Reconocido, premiado y también temido por sus pares, Perlongher fue el mejor poeta no oficial de las últimas décadas del siglo XX. Sus posiciones políticas, que le permitían detectar (con razón) gérmenes fascistas incluso en los gobiernos democráticos posteriores a la dictadura militar, lo mantuvieron en la superficie ambivalente del under local. “Ninguno de los varones de su generación (exceptuando a Arturo Carrera) torció el cuello del cisne de la generación anterior. Ninguno como él incidió en la forma en la que leemos poesía política hasta el presente. Medular, intrincado, no apto para conformistas y mucho menos para los que, en pos de alguna explicación, enrulan significantes que no hacen sino opacar más el sentido que sus obras conllevan. El pecado mortal es hablar de Perlongher con la espiral perlongheriana como premisa. Quizás por eso mismo, no hay herencia visible, aunque cada vez más lectores llegan a su obra”, conjetura García, que junto con Verónica Yattah y varios escritores invitados homenajearon al poeta de Avellaneda en el ciclo La Vuelta Entera, que se realiza en Casa Brandon.
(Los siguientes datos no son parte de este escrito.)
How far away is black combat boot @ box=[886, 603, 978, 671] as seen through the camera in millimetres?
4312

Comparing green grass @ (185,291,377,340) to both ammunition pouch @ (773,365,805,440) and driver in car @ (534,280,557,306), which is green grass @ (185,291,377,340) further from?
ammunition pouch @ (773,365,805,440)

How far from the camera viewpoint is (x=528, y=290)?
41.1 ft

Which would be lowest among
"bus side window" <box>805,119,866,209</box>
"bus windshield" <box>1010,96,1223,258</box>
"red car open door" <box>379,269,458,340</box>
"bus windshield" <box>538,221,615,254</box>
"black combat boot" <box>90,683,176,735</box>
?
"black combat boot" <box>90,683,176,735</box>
En 2009, Santiago Loza estrenó el documental Rosa Patria, centrado en Néstor Perlongher y el FLH. “Era una suerte de invocación –dice el director y escritor cordobés-. Personas que lo conocían lo describían como un personaje incómodo, desconcertante, irreverente. Sara Torres, su amiga más cercana, se preguntaba cada día qué pensaría Néstor sobre algún acontecimiento del presente. Sin su entrañable interlocutor, sin esa voz que crecía en ausencia, se sentía desorientada. Según ella, Néstor tenía una lucidez maldita”. Por sus comentarios punzantes, muchos conocidos de Perlongher aún lo recuerdan entre risas como “la mujer más mala del mundo”.
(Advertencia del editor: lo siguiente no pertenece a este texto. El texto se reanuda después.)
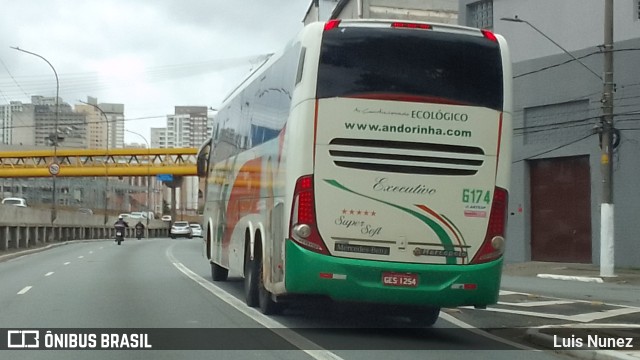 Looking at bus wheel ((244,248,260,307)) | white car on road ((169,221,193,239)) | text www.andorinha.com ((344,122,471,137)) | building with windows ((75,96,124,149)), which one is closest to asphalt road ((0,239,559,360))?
bus wheel ((244,248,260,307))

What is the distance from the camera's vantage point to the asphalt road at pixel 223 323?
9172 mm

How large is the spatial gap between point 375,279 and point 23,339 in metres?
4.39

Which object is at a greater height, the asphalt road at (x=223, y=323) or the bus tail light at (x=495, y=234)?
the bus tail light at (x=495, y=234)

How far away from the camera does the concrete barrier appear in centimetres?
3559

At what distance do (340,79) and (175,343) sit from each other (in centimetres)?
374

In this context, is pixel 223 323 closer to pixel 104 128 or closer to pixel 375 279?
pixel 375 279

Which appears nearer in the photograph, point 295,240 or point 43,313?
point 295,240

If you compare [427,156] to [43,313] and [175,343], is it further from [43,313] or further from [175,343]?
[43,313]

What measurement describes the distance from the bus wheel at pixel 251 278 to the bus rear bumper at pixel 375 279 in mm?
3021

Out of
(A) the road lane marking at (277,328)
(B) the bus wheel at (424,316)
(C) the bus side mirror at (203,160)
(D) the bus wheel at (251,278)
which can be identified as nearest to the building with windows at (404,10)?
(C) the bus side mirror at (203,160)

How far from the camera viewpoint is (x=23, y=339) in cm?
1000

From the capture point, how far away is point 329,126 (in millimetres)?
9758

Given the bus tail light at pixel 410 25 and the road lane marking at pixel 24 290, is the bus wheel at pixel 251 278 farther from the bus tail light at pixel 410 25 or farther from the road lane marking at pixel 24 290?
the road lane marking at pixel 24 290

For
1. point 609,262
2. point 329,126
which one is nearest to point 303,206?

“Había en la irreverencia del vivir y escribir una fuerza que iluminaba –sigue Loza-. Y mucho humor; del tipo de humor que incomoda, escapando siempre a la solemnidad y cualquier clasificación. La militancia en el FLH estaba unida a la lucha del movimiento feminista. Sólo por conocerlo a través de sus amigas y amigos, supongo que la fuerza del feminismo en el presente lo hubiera entusiasmado. También algunos derechos adquiridos. Seguramente tendría alguna sentencia provocadora y desconcertante para emitir, para generar un debate, para correrse del pensamiento cómodo y del consenso. Creo que se hubiera alegrado de la frescura de cierta juventud que escribe, que lee en voz alta sus poemas como mantras, que lo imita sin saberlo, lo nombran, lo multiplican. Como si Perlongher siguiera mutando y reapareciendo en escrituras que se niegan a lo establecido. Como si no dejara de expandirse, de contagiar, de devenir en otres que lo siguen descubriendo”. Para que eso ocurra tal vez haga falta que los libros de Perlongher (en especial su obra poética completa) vuelvan a publicarse y a liberar “destellos insumisos” en nuevos lectores.